Part 7) Psychology at the Ending of the World: Section A:"truth" (JBP-style) and collective action: The truth, the whole truth, and nothing but the truth, so help us God.
Part 8) Psychology at the Ending of the World:Section B: Postmodernism: Why Rules are Agents of Chaos; and 'Postmodernism' is the antidote
My point is, while Jordan can go ahead and argue that the Gulag is a death-sentence for socialism, another real smart and book learnin' person, like Chomsky, can also legitimately argue, with lots of facts and theoretical subtlety and vast knowledge of history, that Jordan is wrong.
I feel like I am in BizarroWorld where nothing makes sense, because I know that Jordan knows everything I am about to say. He even says most of it himself in his own academic work. But then, it is as though he sweeps half of it under the carpet, even derogating and ridiculing it, to emphasize the other half, and this is where I believe a deep Foolishness has crept into his overall public narrative.

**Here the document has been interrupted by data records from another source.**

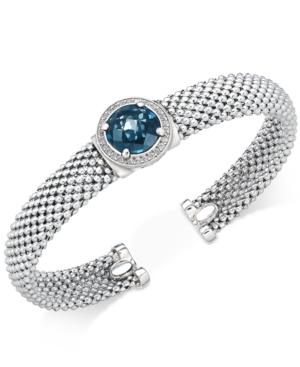 London Blue Topaz (4-1/4 Ct. T.w.) And Diamond (1/5 Ct. T.w.) Popcorn Mesh Cuff Bracelet In Sterling Silver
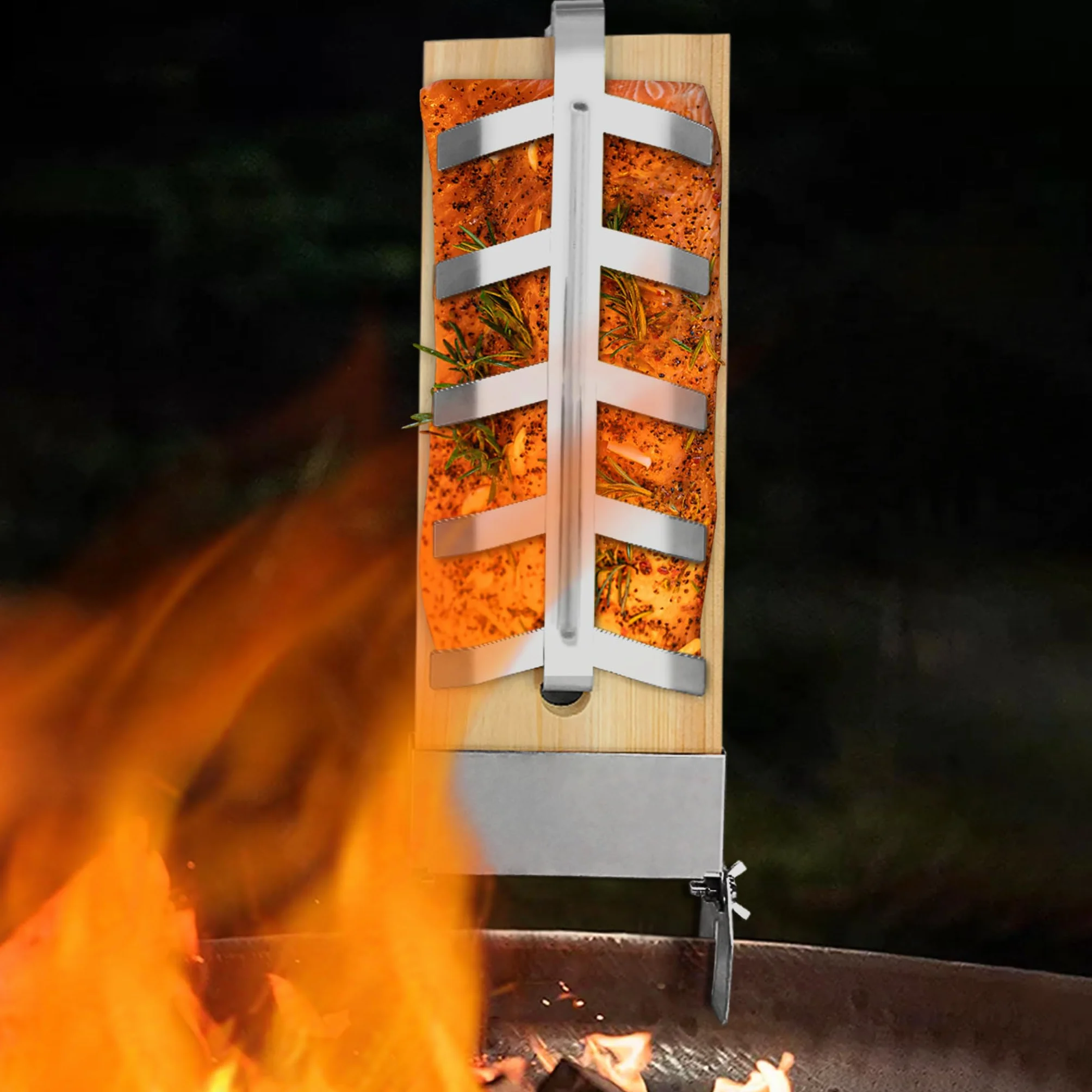 Lot de 2 planches à saumon flammé en acier inoxydable 5 niveaux réglables pour barbecue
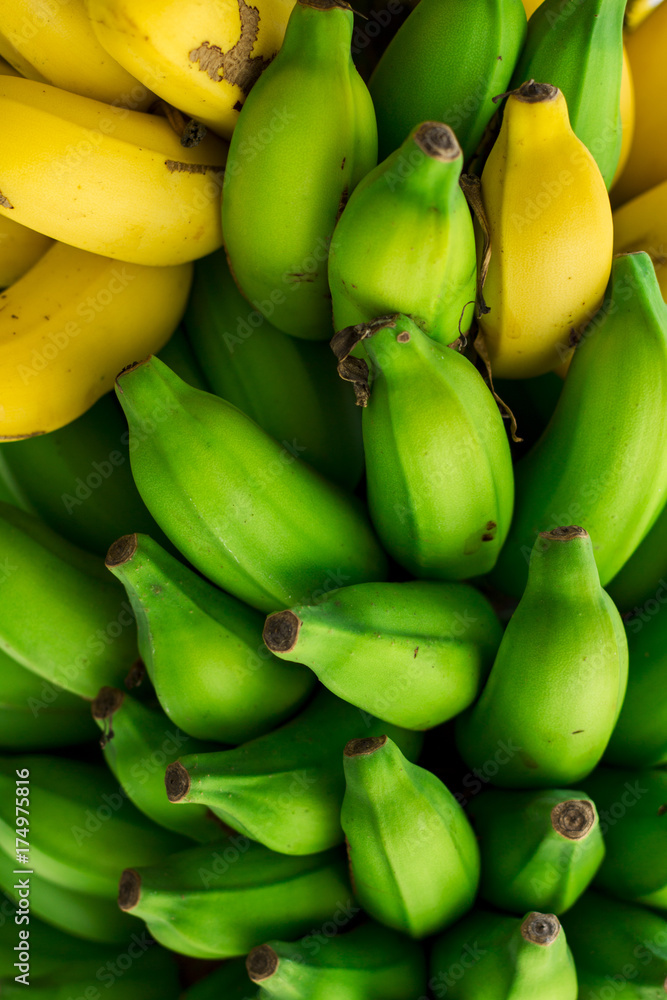 fresh green and yellow bananas ready to eat fresh green and yellow bananas ready to eat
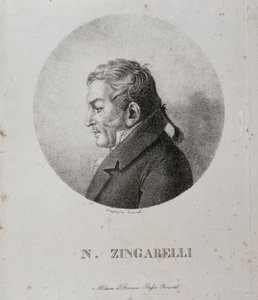 Porträt von Nicola Antonio Zingarelli (Stich) von Unknown artist
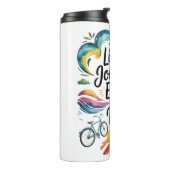 Life's a Journey Geniet van de Ride Inspirerend De Thermosbeker (Gedraaid links)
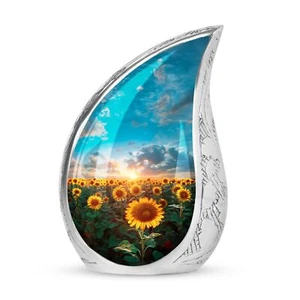 Sunflowers Teardrop Urns For Human Ashes - Urn For Ashes Adult - Miniature Urns - Picture 1 of 7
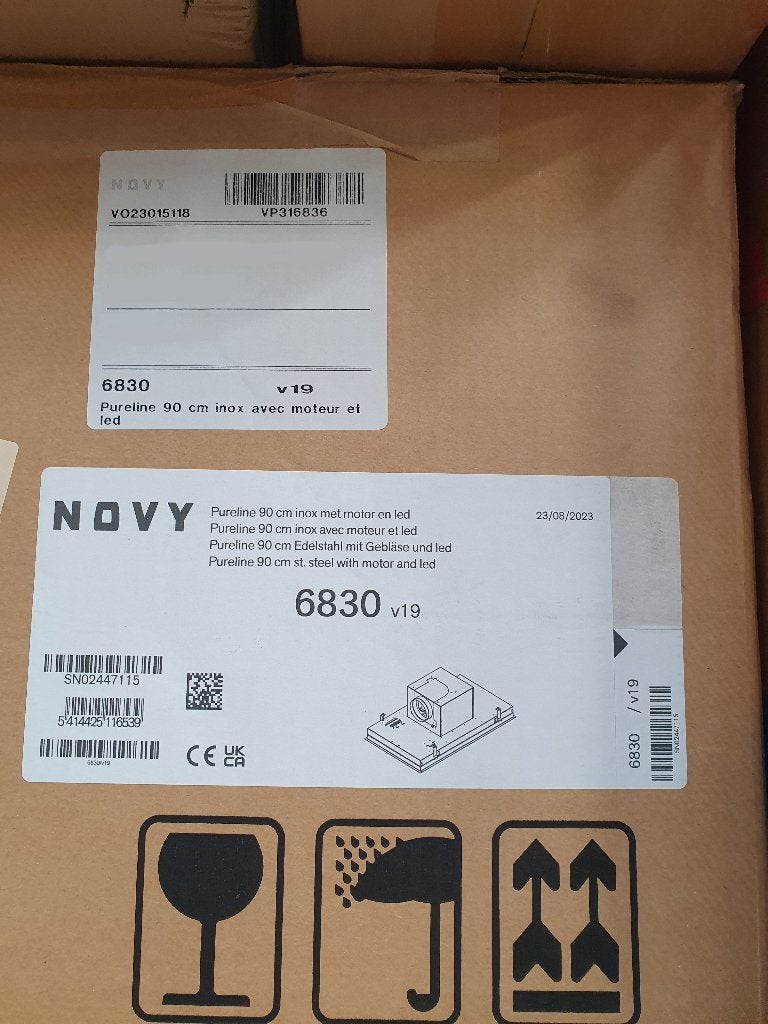 Hotte Novy 6830 Pureline 90cm inox, Electroménager, Enlèvement ou Envoi, Comme neuf, Encastré, Hotte pour îlot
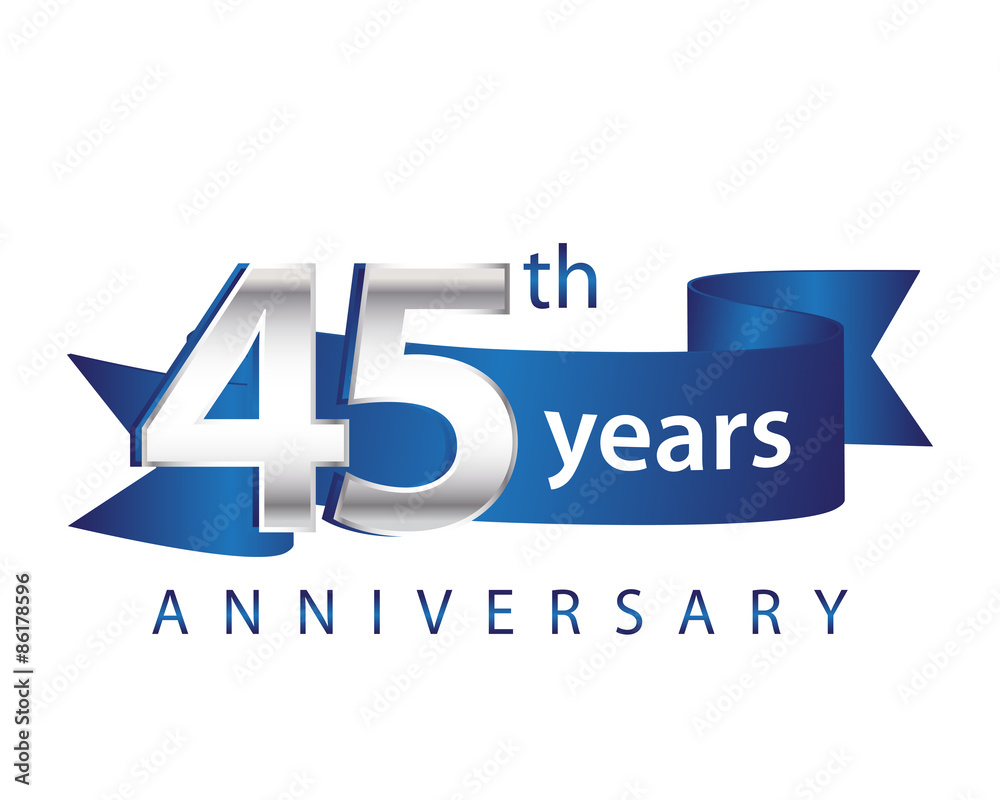 45 Years Anniversary Logo Blue Ribbon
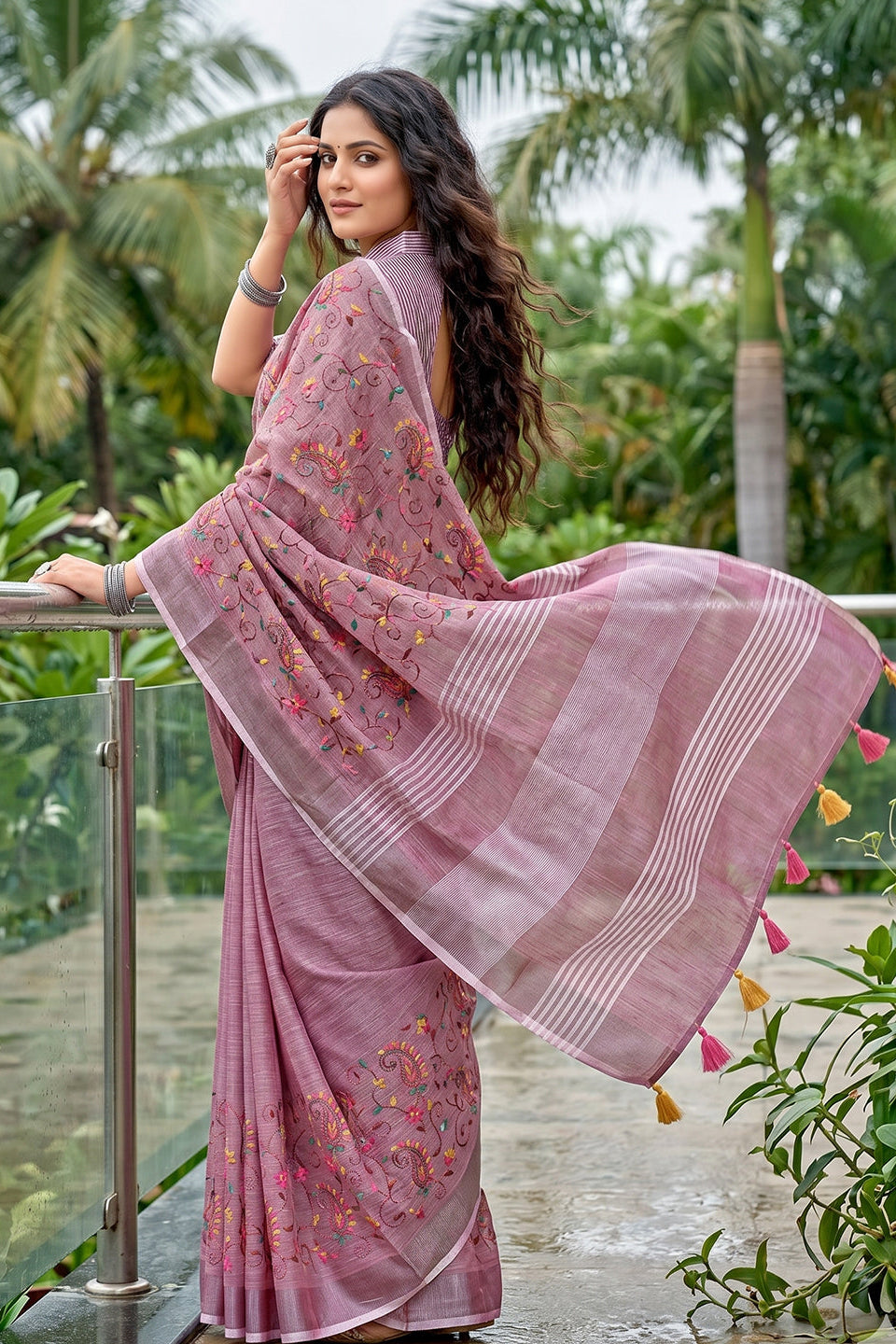 Onion Pink Mauve Linen Cotton Saree with Floral Embroidery Work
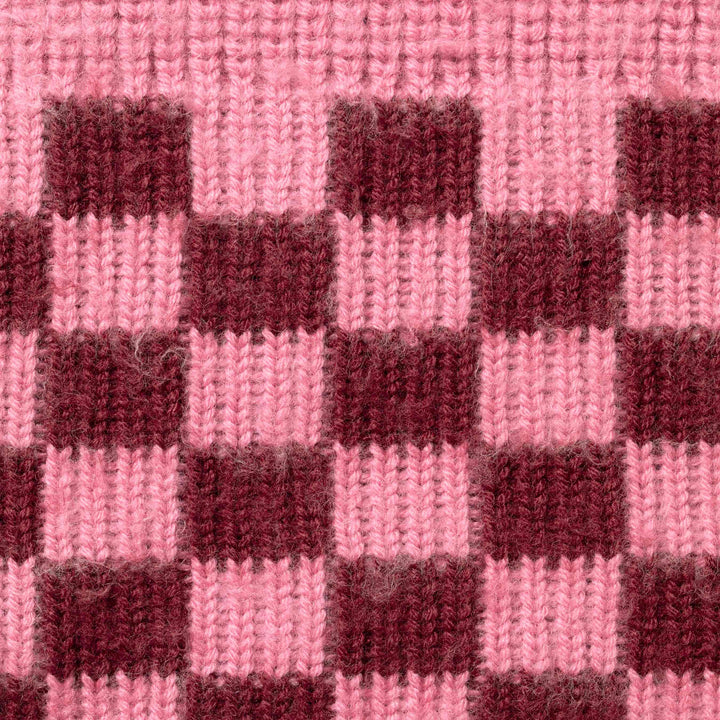 Checkerboard Pilled Sweater — Pink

But the way to deal with these areas of "weakness" is NOT with an overly stiff "sort yourself out, straighten your shoulders and face your damn existential responsibility!" type of approach. (That's part of it, yes, and helpful to a point, and I already talked about this at length (see Prologue). But taken too far and applied unskilfully (i.e., without wisdom), this becomes terrible advice. Of course, the way to deal with areas of weakness is ALSO NOT a simplistic, compassion-all-the-way kind of approach that lets people just sit around feeling sorry for themselves, virtue signalling while they wait for the next handout.
The right way, is to balance these approaches skillfully. I see very little of this reasoning in Jordan's work, and far more of it that holds up 'sorting yourself out' as the overwhelming solution, to the point that he derides proponents of, or arguments for, compassion. This is simply not based on 'facts', but is ideologically driven, and this is why I think it is Theoretically Foolish.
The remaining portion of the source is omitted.